After finding the line with "Ambiano Professional Digital", restate it and each remaining line of the material word for word, omitting every picture.

* * *

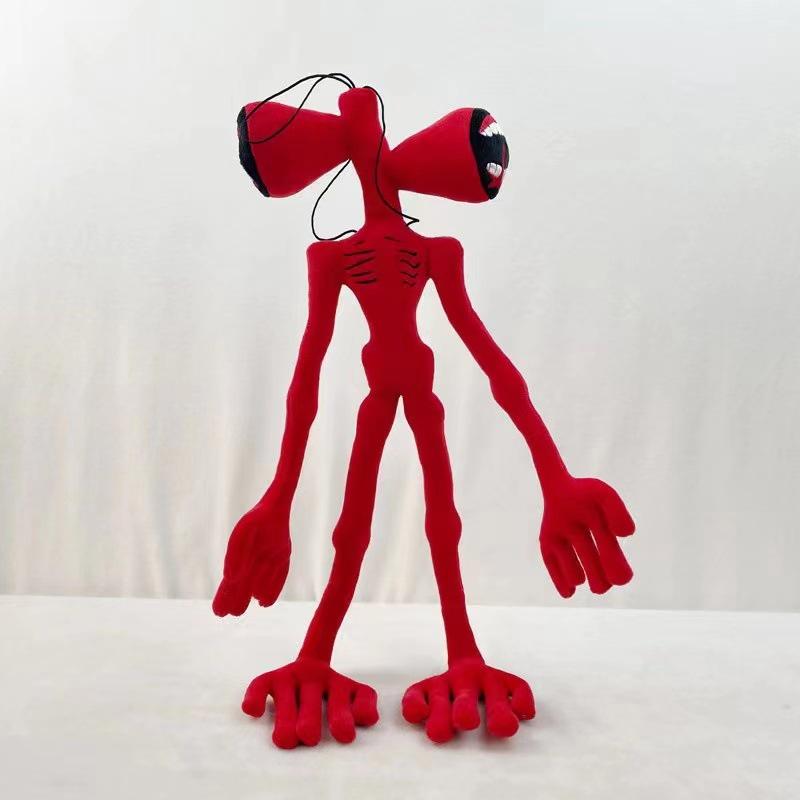 Плюшевая игрушка Голова Сирены 21,6 дюйма, мягкая набивная кукла, идеально подходит для фанатов ужасов и коллекционеров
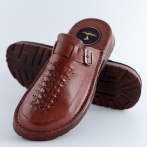 Skórzane Klapki Męskie Naturfeet KMC7BR z Zapięciem - Klasyka i Jakość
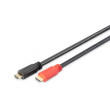 Kabel HDMI 1.4,se zesilovačem HDMI vidlice, z obou stran 10m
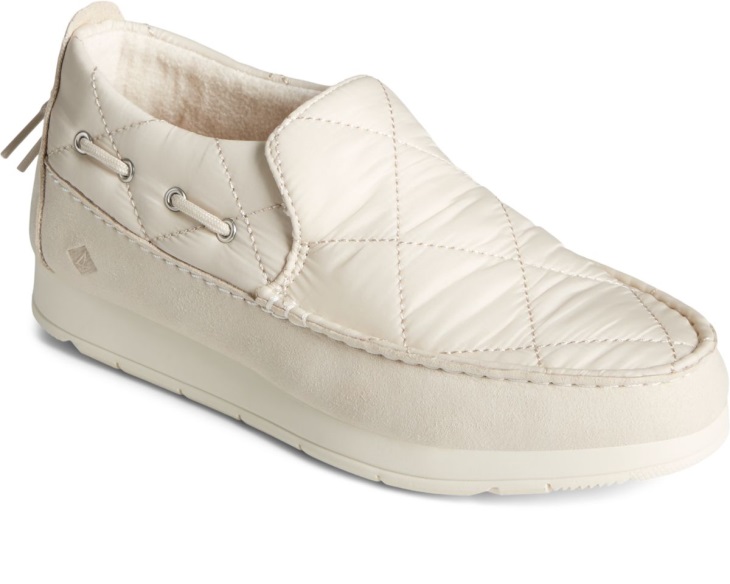 Moc-Sider Nylon Slip On White Sperry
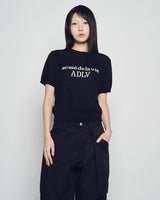 26SS WOMAN ベーシックスタンダード半袖ニット
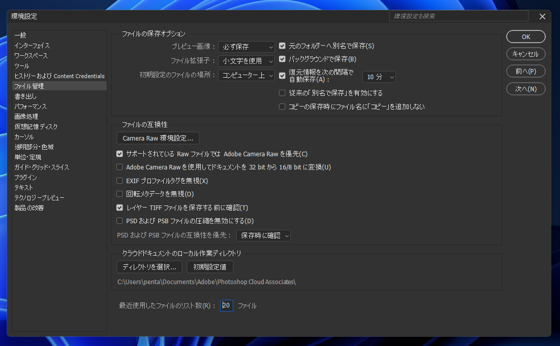 ホーム画面のファイル履歴を非表示にする:画像4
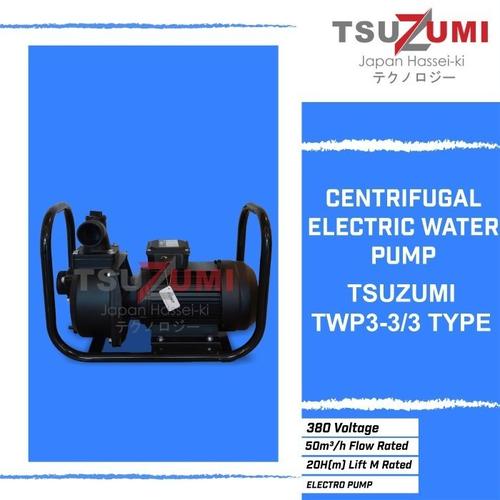[EZM.1400379] Pompa Air sawah 3 inch 4 Hp 3 Phase Tsuzumi Japan TWP3-3/3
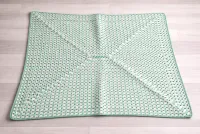 Mint Green And White Blanket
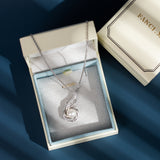 Collier en Argent de Pierre de Naissance de Juin FANCIME, Collier en Perles de Phoenix de 9-10mm en Argent Sterling, Bijoux Fins pour Femmes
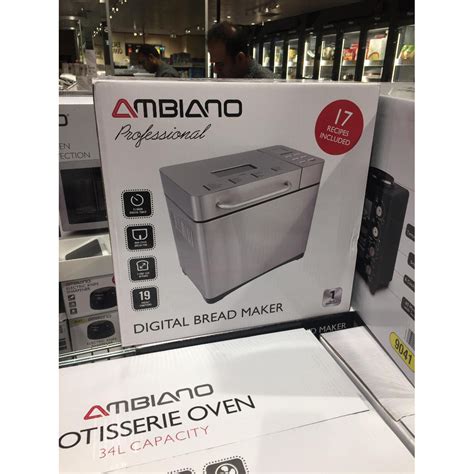 Ambiano Professional Digital Bread Maker Tv Home Appliances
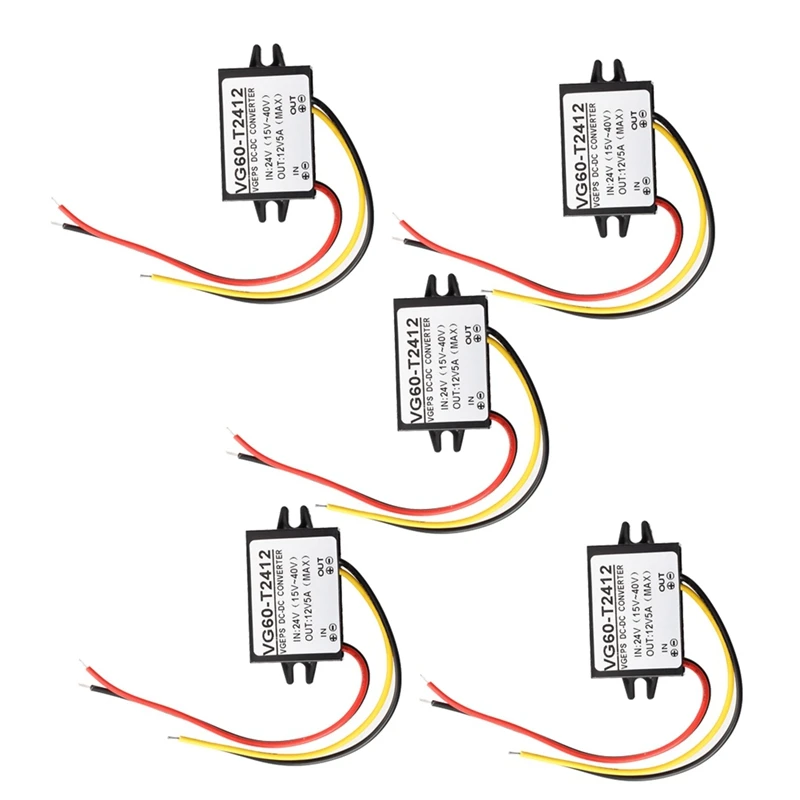 

5X Voltage Converter Transformer Voltage Transformer 24V DC To 12V DC CNIM Hot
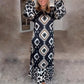 🌷Limited Time 49% OFF💞Women’s Bohemian Casual Printed Long-sleeve Dress-1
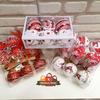 Gambar Bola Natal 6 cm set isi 6 pcs Paket Bola Natal Merah Murah Grosir - Motif E dari MadisonShop Jakarta Barat 6 Tokopedia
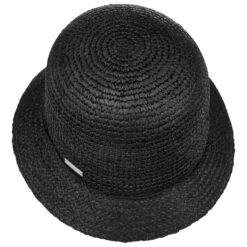 Jule Strohglocke By Seeberger -Hut Discounter Jule Strohglocke by Seeberger schwarz.60679 1rf4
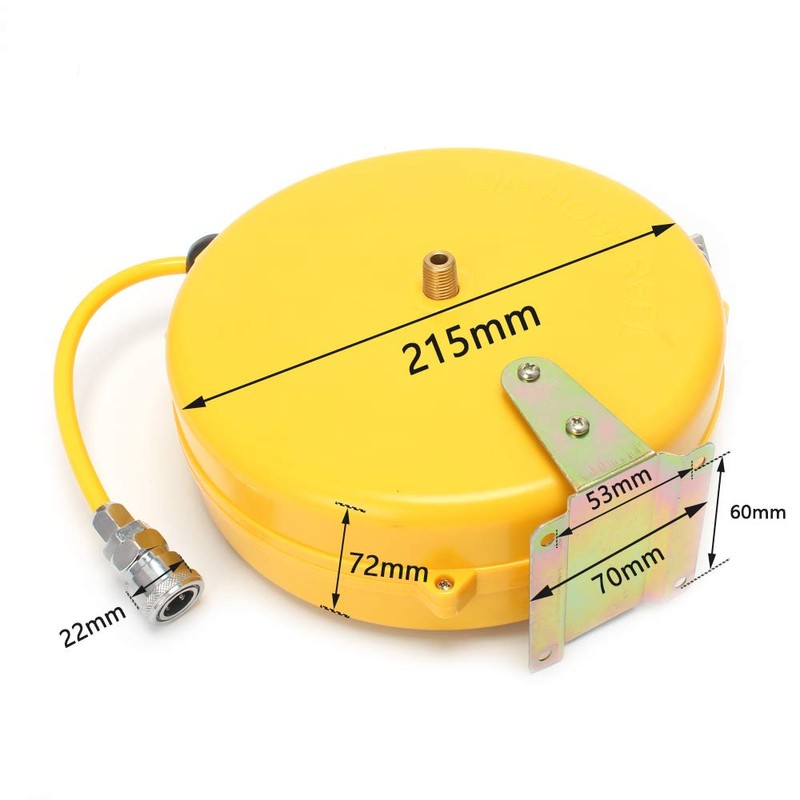 Mini Air Hose Reel With 1/4in. x 26ft.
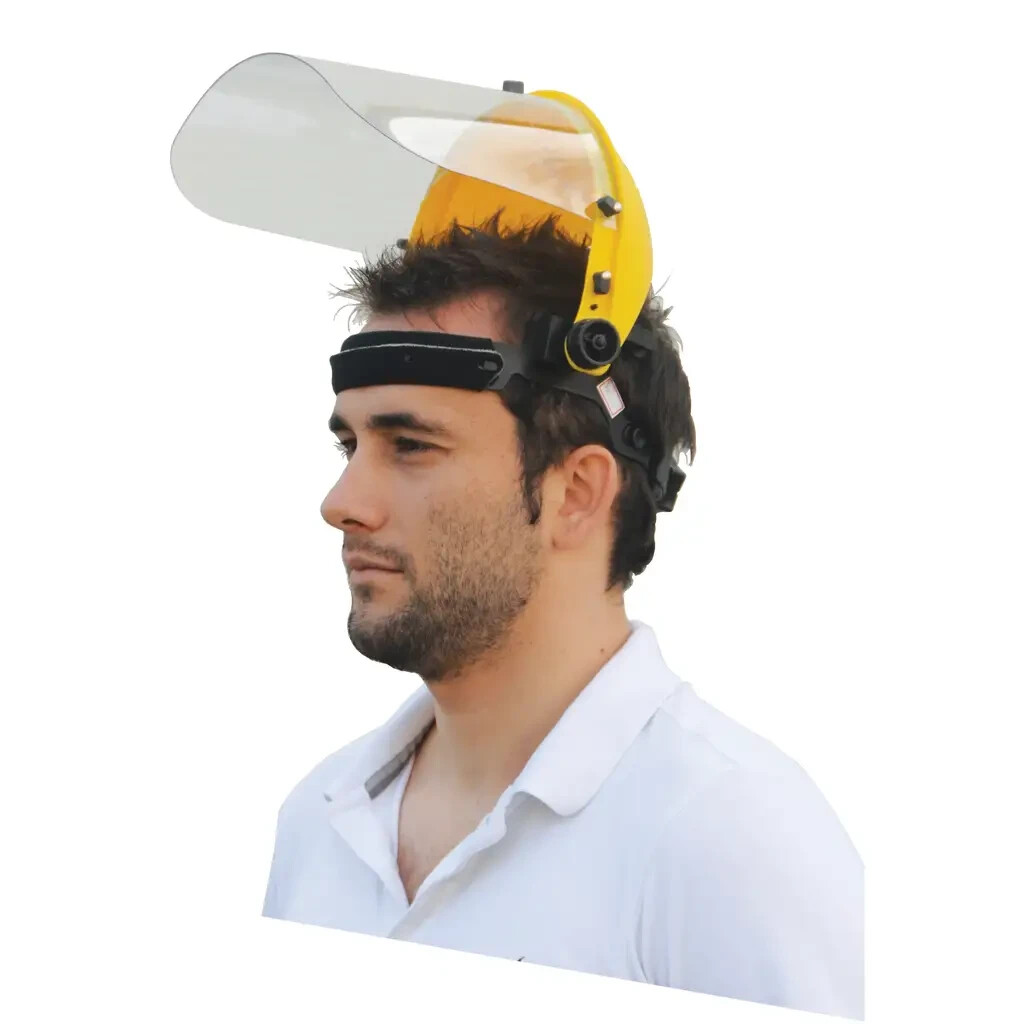 Face Shield and Visor - Ratchet Adjustable - Silverline 140863 (Face protector)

* * *

- **Output of the task**:
 Ambiano Professional Digital Bread Maker Tv Home Appliances

5X Voltage Converter Transformer Voltage Transformer 24V DC To 12V DC CNIM Hot
 🌷Limited Time 49% OFF💞Women’s Bohemian Casual Printed Long-sleeve Dress-1
 Gambar Bola Natal 6 cm set isi 6 pcs Paket Bola Natal Merah Murah Grosir - Motif E dari MadisonShop Jakarta Barat 6 Tokopedia
 Jule Strohglocke By Seeberger -Hut Discounter Jule Strohglocke by Seeberger schwarz.60679 1rf4
 Mini Air Hose Reel With 1/4in. x 26ft.
 Face Shield and Visor - Ratchet Adjustable - Silverline 140863 (Face protector)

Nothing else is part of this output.